Omit all images, then repeat exactly the lines below from the one containing "Foto de Diligente" through the one containing "May include: A", both ends included.
*** Opening of PROVIDED RECORDS ***
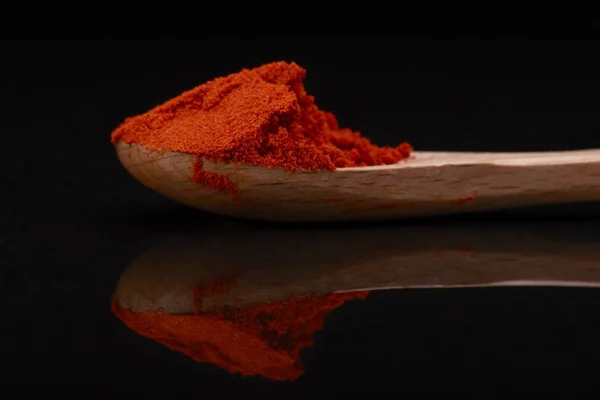 Chili Powder  over Black background with wooden spoon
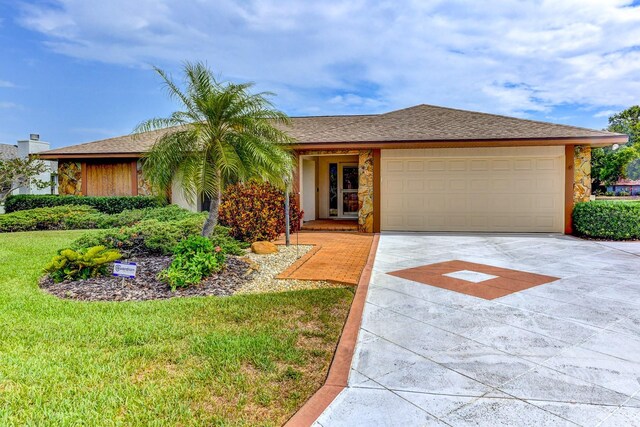 8402 13th Ave NW, Bradenton, FL 34209 - ranch-style home featuring driveway, an attached garage, stone siding, and a front yard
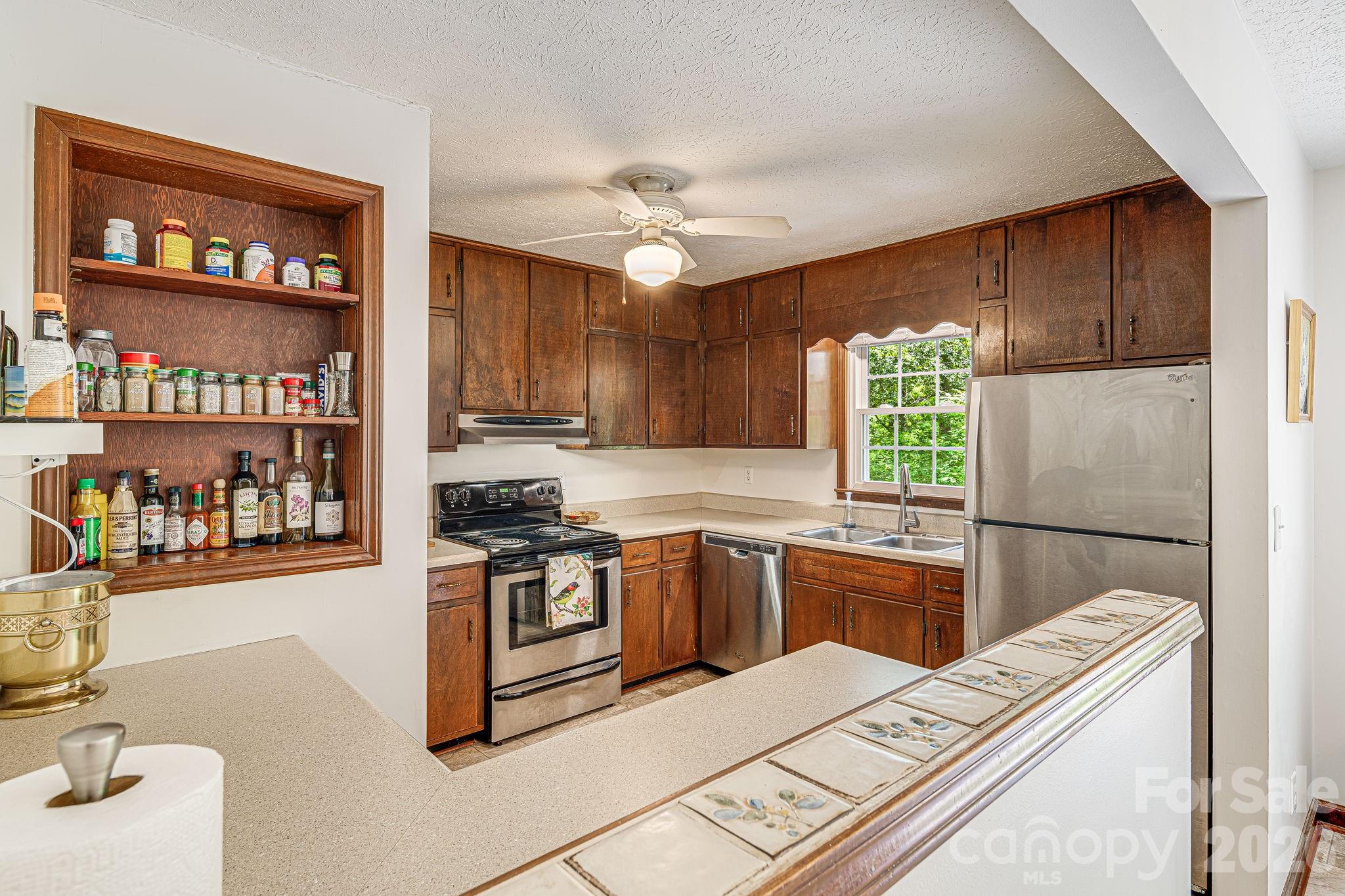 61 Spring Cove Drive Brevard, NC 28712 - Photo 12 of 39 a kitchen with stainless steel appliances granite countertop a refrigerator a sink dishwasher a stove a dining table and chairs with wooden floor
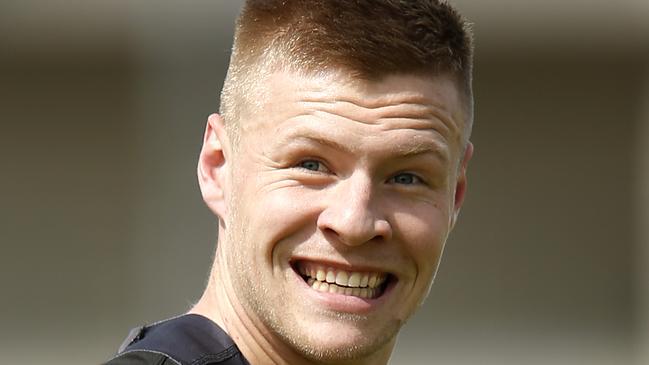 Jordan De Goey was all smiles after training with the main group on Monday. Picture: Darrian Traynor/Getty Images.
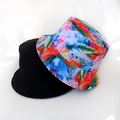 Detail showing reversible bucket hat with black solid side and colorful feather print fabric - Colorful Feather Pattern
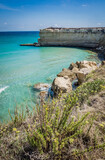 Fototapeta Morze - The Punticeddha Beach or Spiaggia Punticeddha of Sant'Andrea, Salento Adriatic sea coast, Apulia, Italy. Beautiful shore with cliffs and rocks of Puglia. Blue water, Summer day, top view, no people
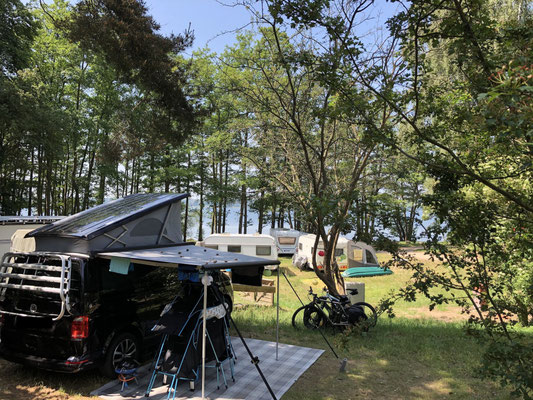 Unikat M-Platz 77 mit Blick auf die darunterliegenden Plätze unter Bäumen am See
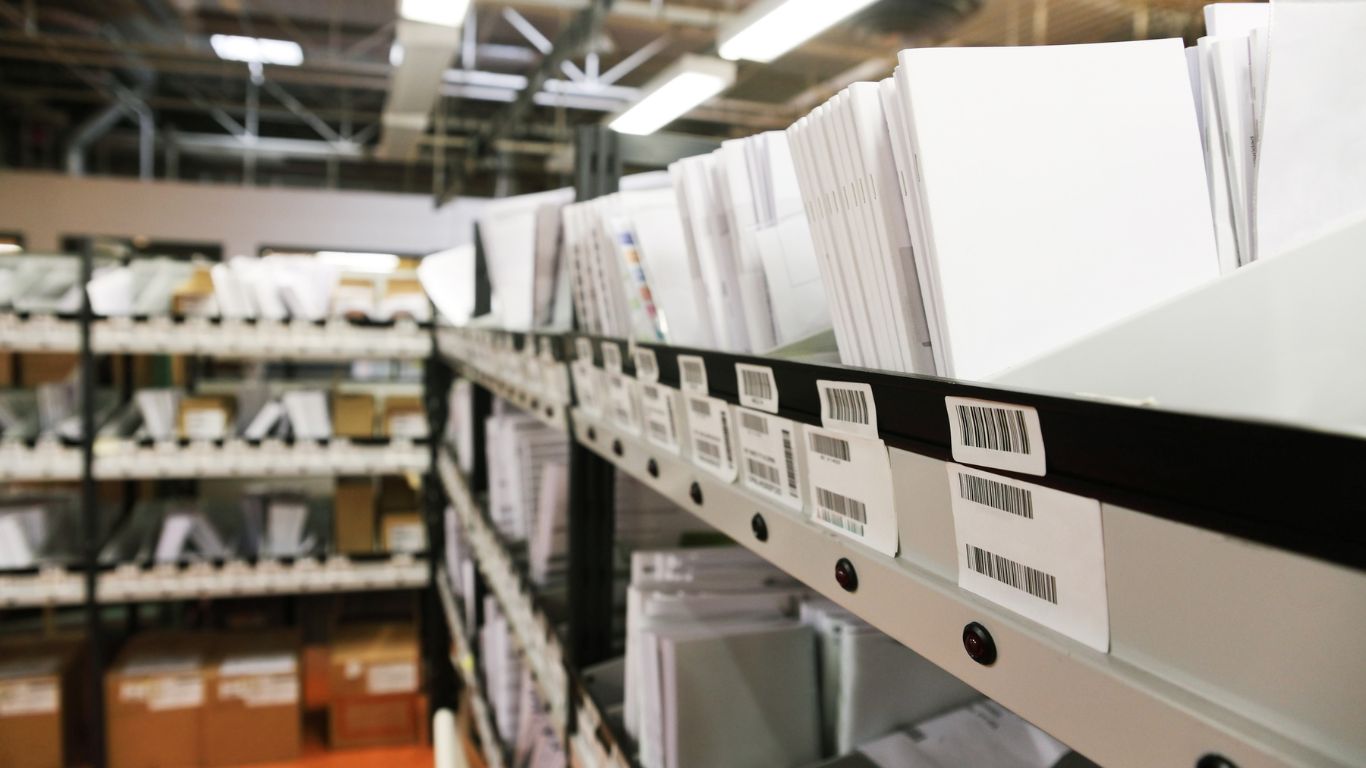 blue and red building under gray sky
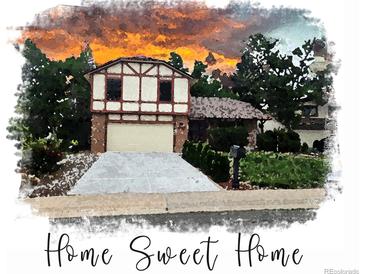 Charming exterior featuring a two-story home with a well-maintained lawn and inviting curb appeal at 5138 S Sedalia Ct, Centennial, CO 80015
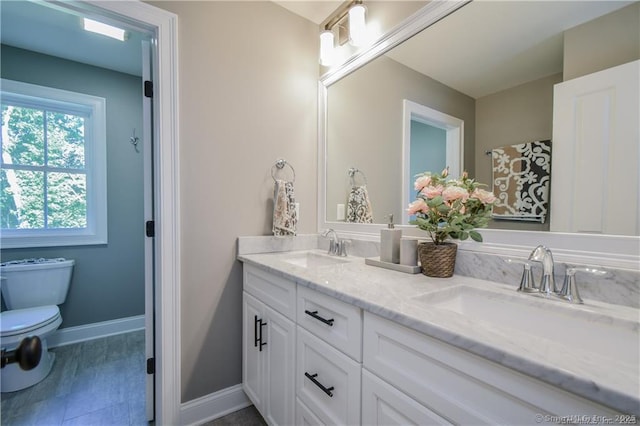 LOT7 Deerwood Rd, Oxford, CT 06478 - full bath with toilet, double vanity, and baseboards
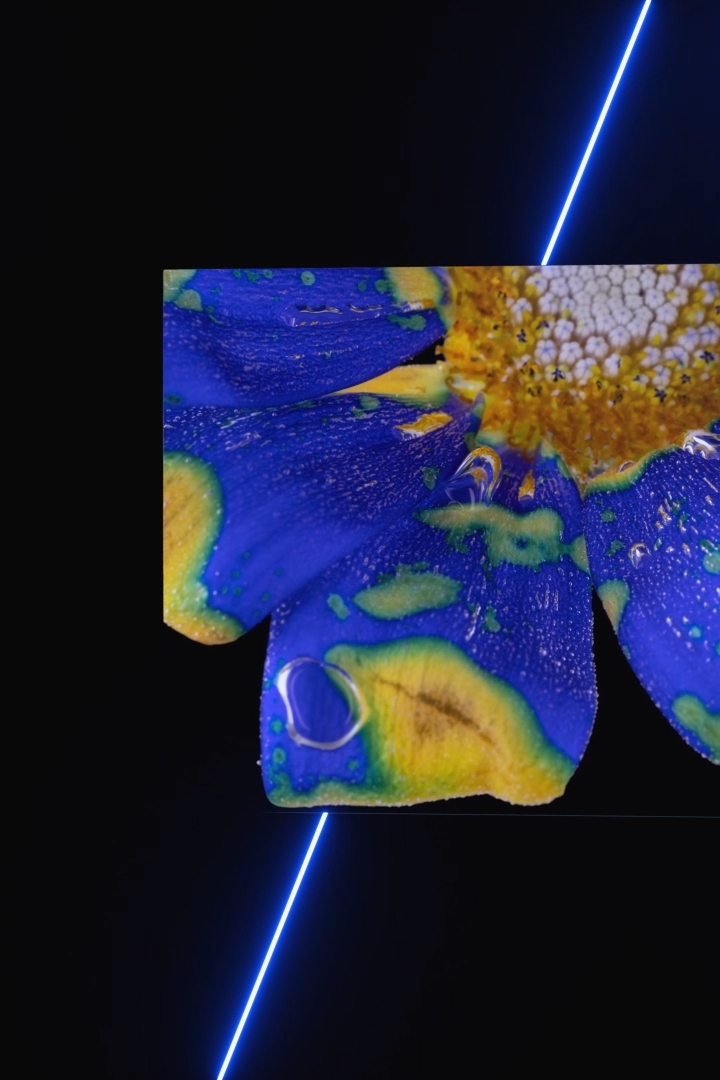 A QLED TV begins with a full front view of the QLED TV as it sits positioned in a darkly lit studio room. The on-screen simulated visual shows a combination of various blue, orange, and green colors moving and mixing with each other. Itbegins to switch between various angles which highlight the main features of the QLED TV including overall product appearance, rear speaker locations, and its slim bezel.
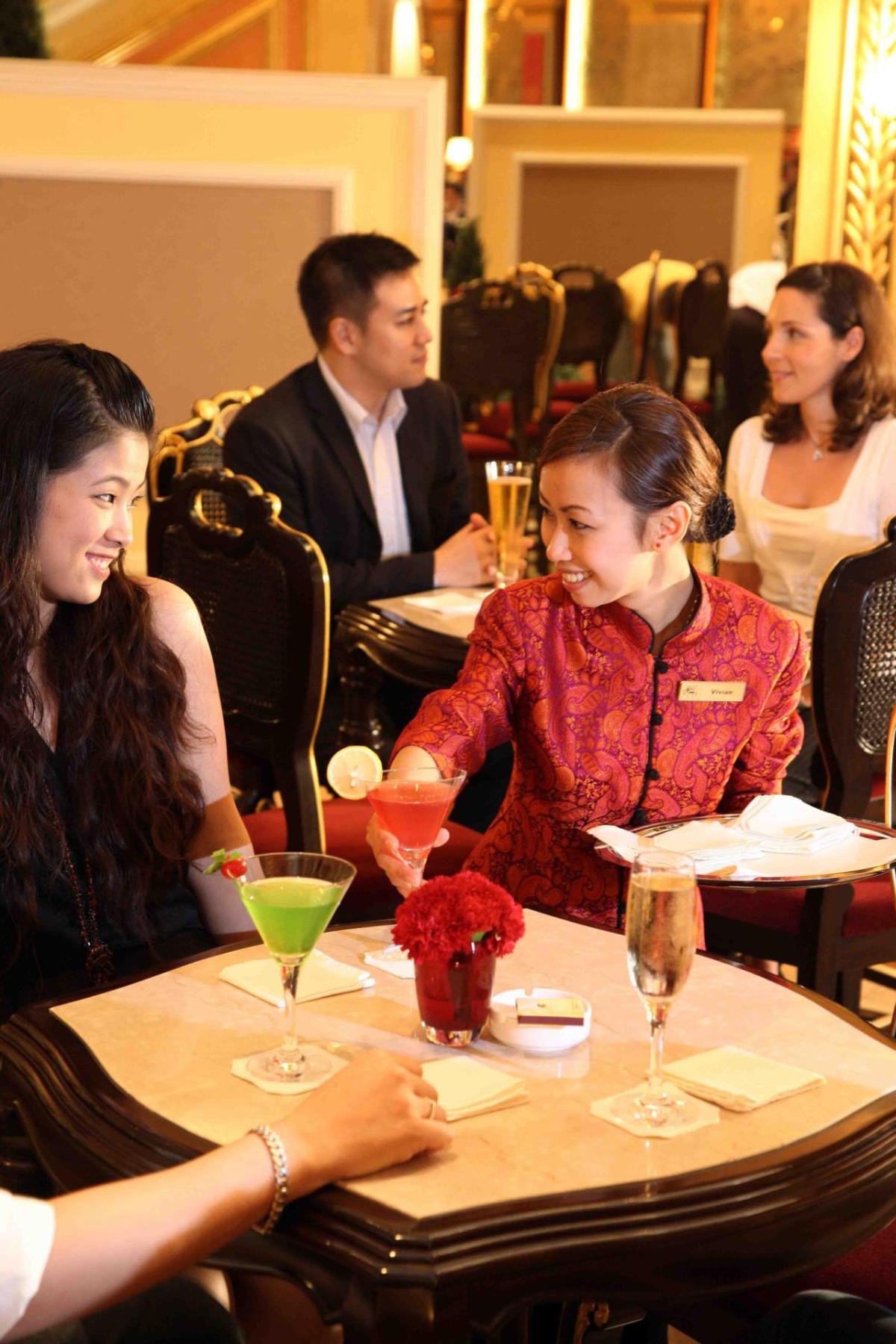 student in a red jacket places colorful cocktails on a small table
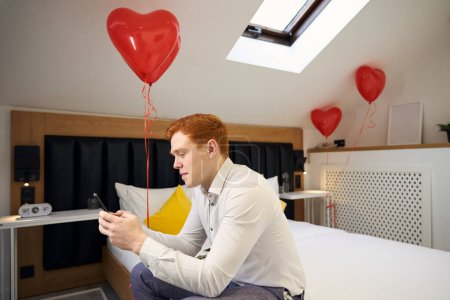Foto de Diligente hombre sentado en la cama con globos rojos y el uso de teléfono celular en el dormitorio moderno - Imagen libre de derechos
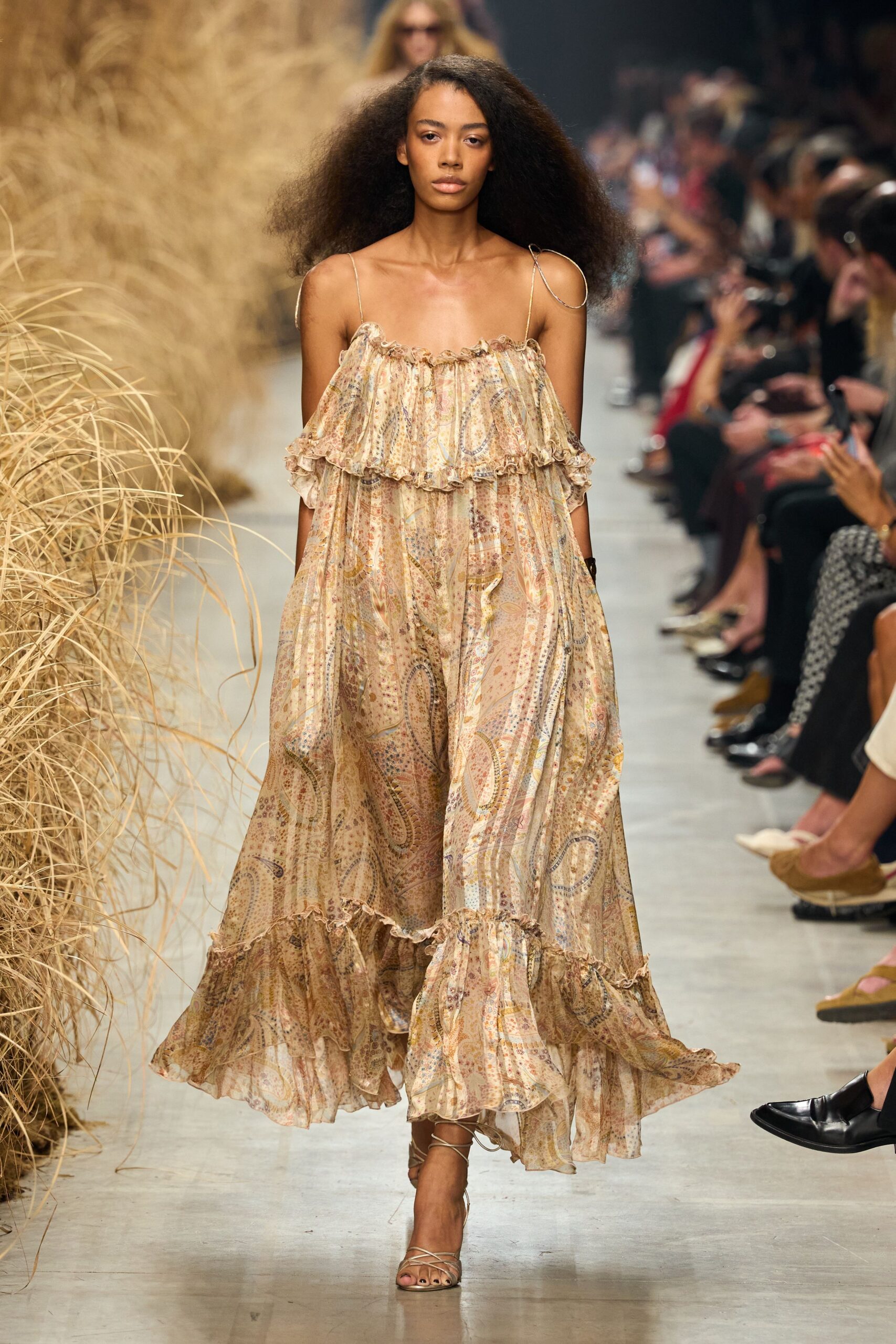 Sheer sand chiffon maxi dress in faded paisley, ruffled off-shoulder flounce. Fine metallic straps looped loose off the shoulders. Barely-there lace-up sandals in pale tan leather. Walking back from the dunes with salt drying on your collarbones.
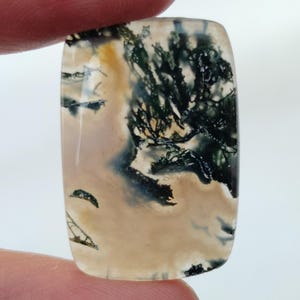 May include: A light brown, green, and black agate cabochon with a dendritic pattern. The stone is cut in a rectangular shape and has a smooth, polished surface.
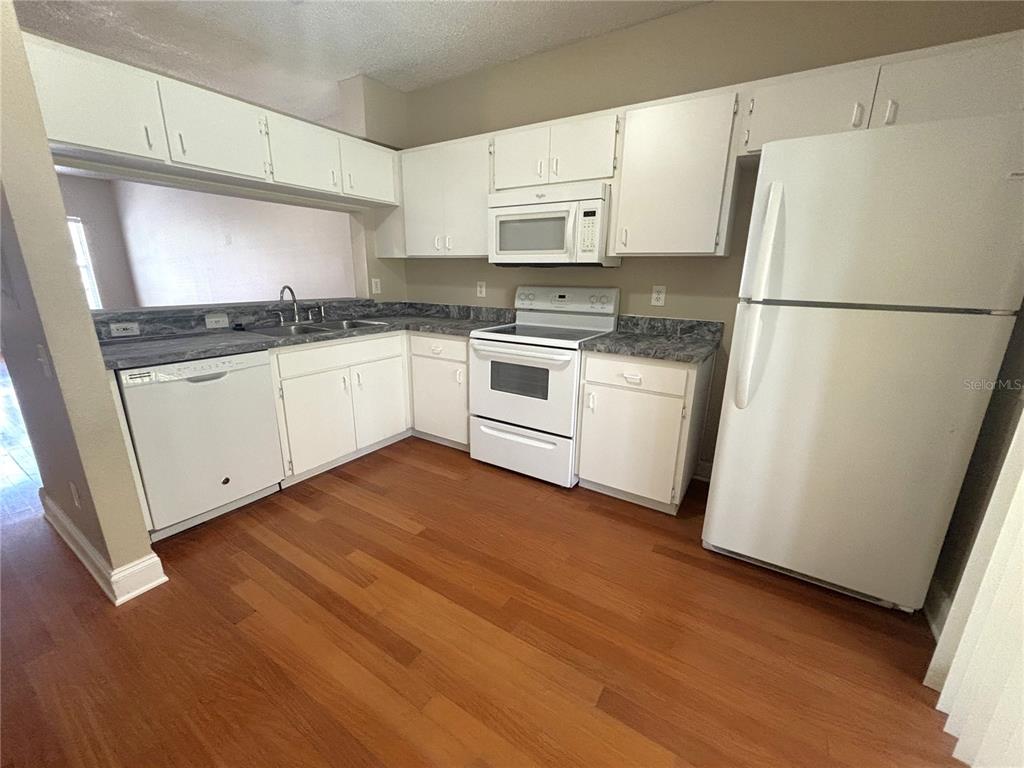 A kitchen features white cabinets, white appliances, gray laminate countertops, and wood-look flooring — 6235 BAYSIDE KEY DRIVE, TAMPA, FL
*** Close of PROVIDED RECORDS ***
> _YOUR RESPONSE_:
Foto de Diligente hombre sentado en la cama con globos rojos y el uso de teléfono celular en el dormitorio moderno - Imagen libre de derechos
 Sheer sand chiffon maxi dress in faded paisley, ruffled off-shoulder flounce. Fine metallic straps looped loose off the shoulders. Barely-there lace-up sandals in pale tan leather. Walking back from the dunes with salt drying on your collarbones.
 May include: A light brown, green, and black agate cabochon with a dendritic pattern. The stone is cut in a rectangular shape and has a smooth, polished surface.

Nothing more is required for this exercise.